(MATERIAL FOR THE TASK)
........
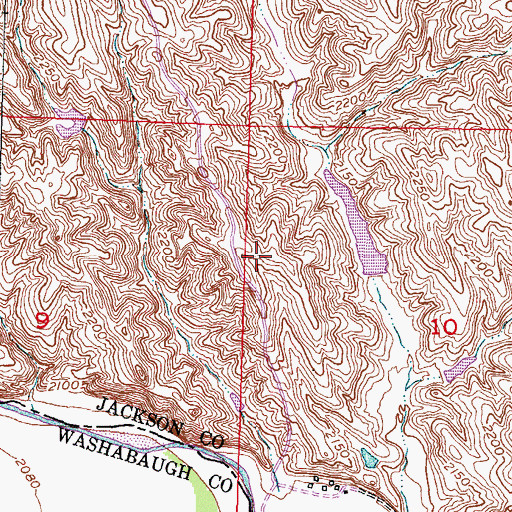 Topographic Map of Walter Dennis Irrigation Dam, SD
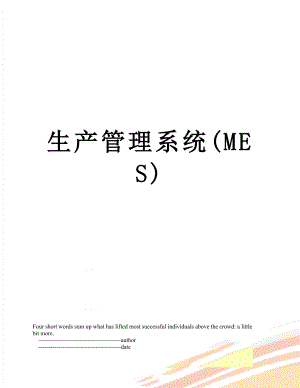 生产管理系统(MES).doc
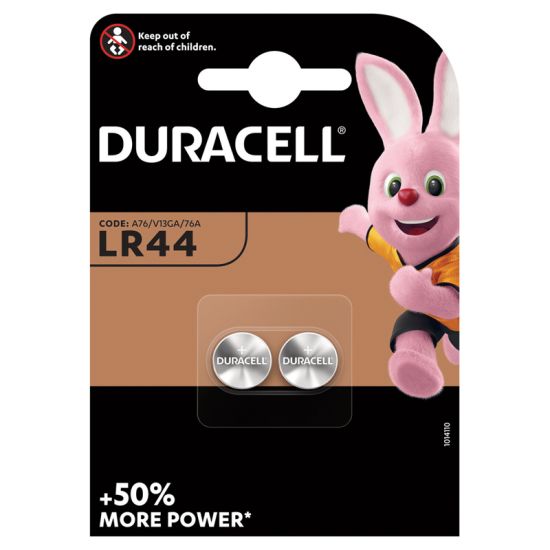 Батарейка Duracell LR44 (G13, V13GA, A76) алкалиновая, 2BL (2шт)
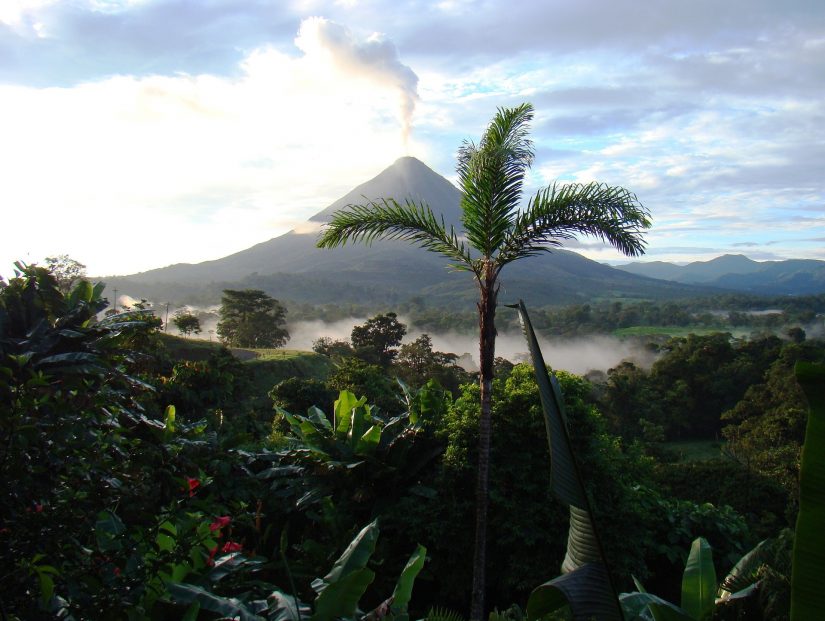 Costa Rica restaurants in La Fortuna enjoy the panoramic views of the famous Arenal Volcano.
........
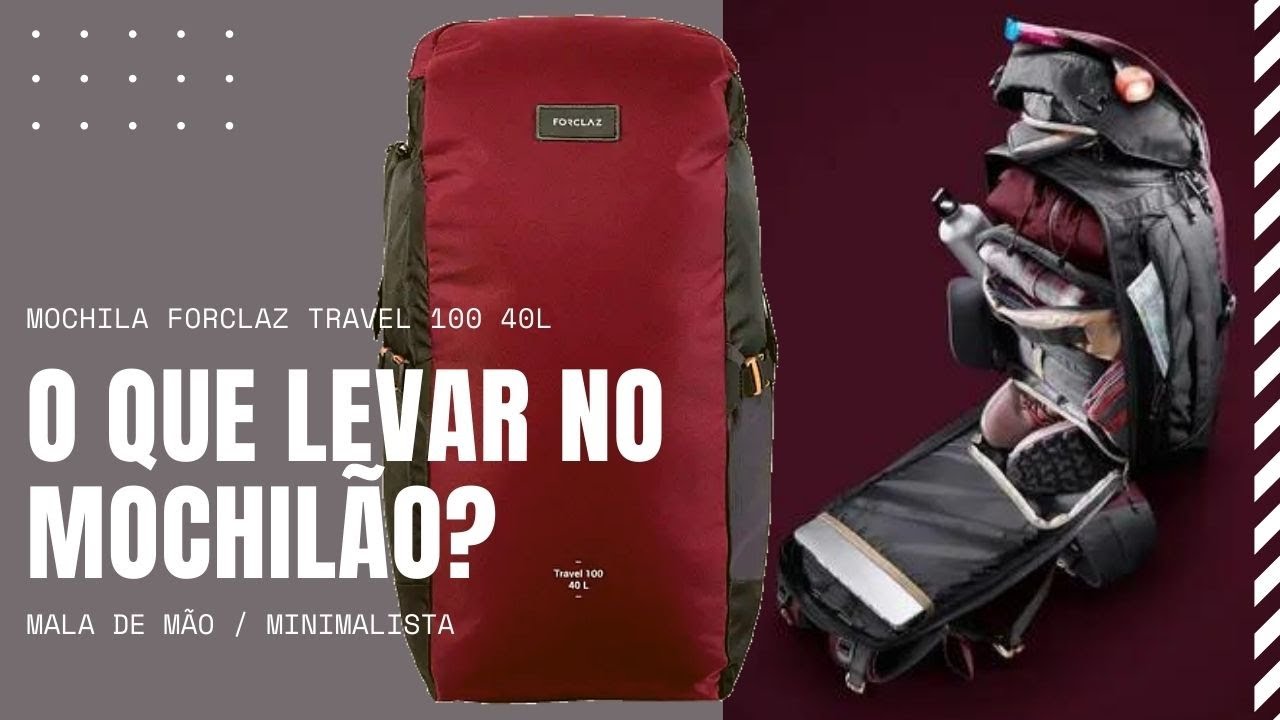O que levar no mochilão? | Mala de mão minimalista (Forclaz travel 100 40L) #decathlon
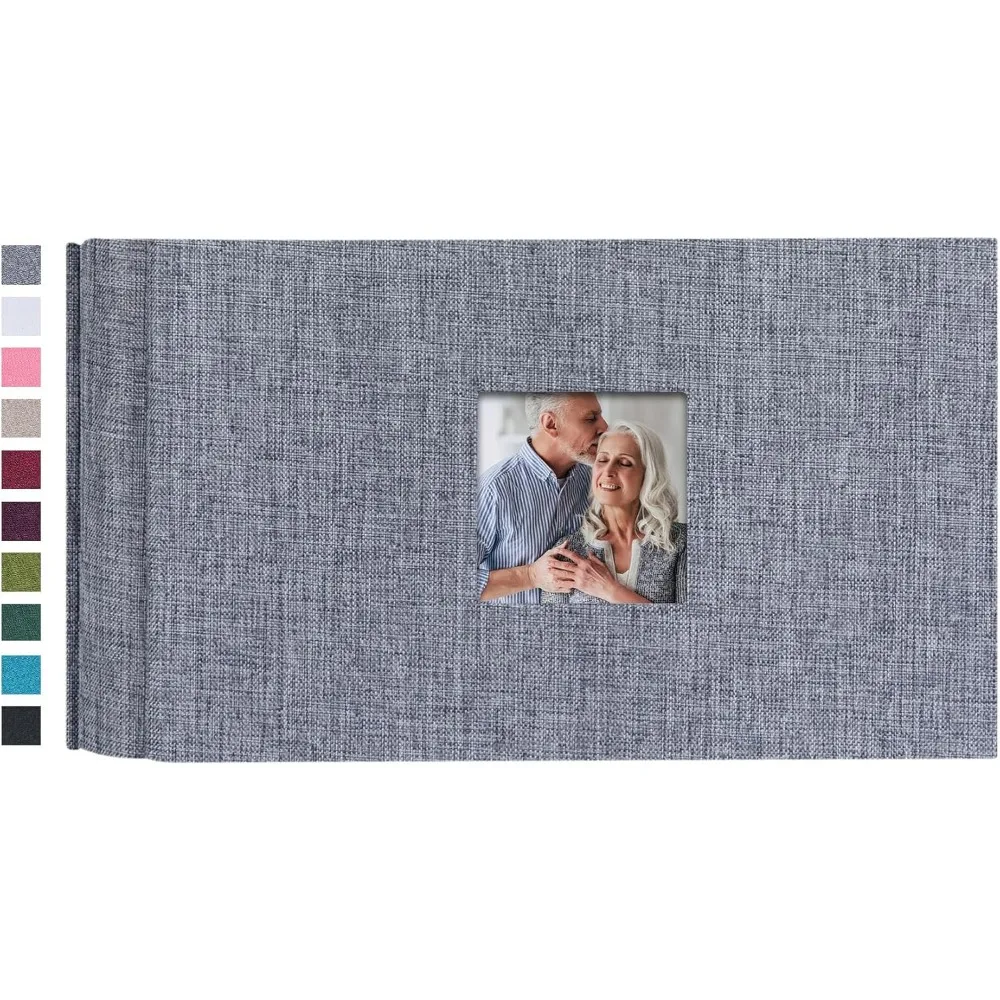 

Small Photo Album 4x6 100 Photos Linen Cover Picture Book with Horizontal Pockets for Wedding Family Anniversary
........
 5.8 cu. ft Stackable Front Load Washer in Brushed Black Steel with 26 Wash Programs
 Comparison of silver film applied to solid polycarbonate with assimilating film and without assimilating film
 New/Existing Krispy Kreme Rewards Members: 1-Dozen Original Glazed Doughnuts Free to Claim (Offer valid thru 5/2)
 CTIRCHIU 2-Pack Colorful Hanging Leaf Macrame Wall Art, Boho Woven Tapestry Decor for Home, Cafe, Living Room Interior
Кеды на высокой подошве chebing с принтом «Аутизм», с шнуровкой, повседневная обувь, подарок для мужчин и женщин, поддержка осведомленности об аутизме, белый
........
(WHAT THE EXERCISE ASKS) The output should be exactly the lines above from the line containing "5.8 cu. ft Stackable" to the line containing "Кеды на высокой", inclusive, with no other lines.

(RESPONSE)
 5.8 cu. ft Stackable Front Load Washer in Brushed Black Steel with 26 Wash Programs
 Comparison of silver film applied to solid polycarbonate with assimilating film and without assimilating film
 New/Existing Krispy Kreme Rewards Members: 1-Dozen Original Glazed Doughnuts Free to Claim (Offer valid thru 5/2)
 CTIRCHIU 2-Pack Colorful Hanging Leaf Macrame Wall Art, Boho Woven Tapestry Decor for Home, Cafe, Living Room Interior
Кеды на высокой подошве chebing с принтом «Аутизм», с шнуровкой, повседневная обувь, подарок для мужчин и женщин, поддержка осведомленности об аутизме, белый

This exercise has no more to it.